# Data extract
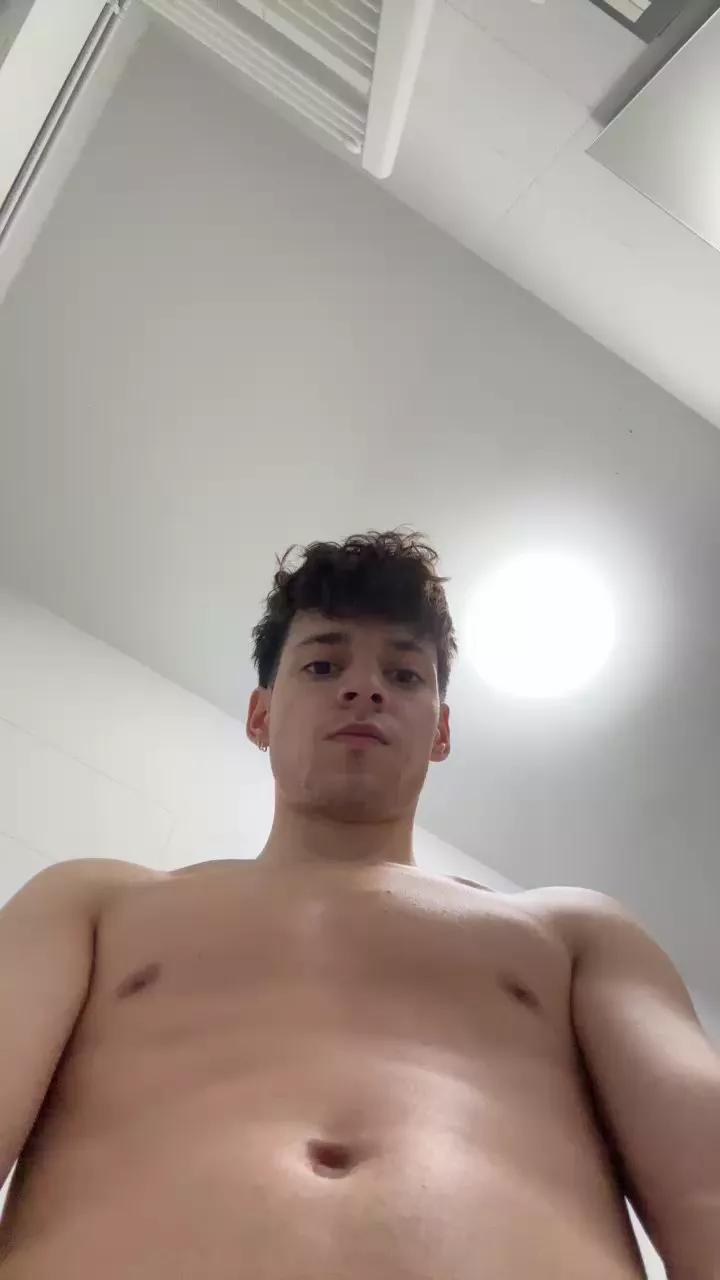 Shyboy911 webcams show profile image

* * *

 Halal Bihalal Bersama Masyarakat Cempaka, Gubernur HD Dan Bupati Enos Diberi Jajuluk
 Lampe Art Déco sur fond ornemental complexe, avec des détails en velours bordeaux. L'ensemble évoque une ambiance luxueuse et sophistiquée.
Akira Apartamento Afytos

# Goal of the exercise
Print, from the entries above, the line with "Lampe Art Déco", the line with "Akira Apartamento Afytos" and all lines between them, exactly and with nothing else.

# Answer
 Lampe Art Déco sur fond ornemental complexe, avec des détails en velours bordeaux. L'ensemble évoque une ambiance luxueuse et sophistiquée.
Akira Apartamento Afytos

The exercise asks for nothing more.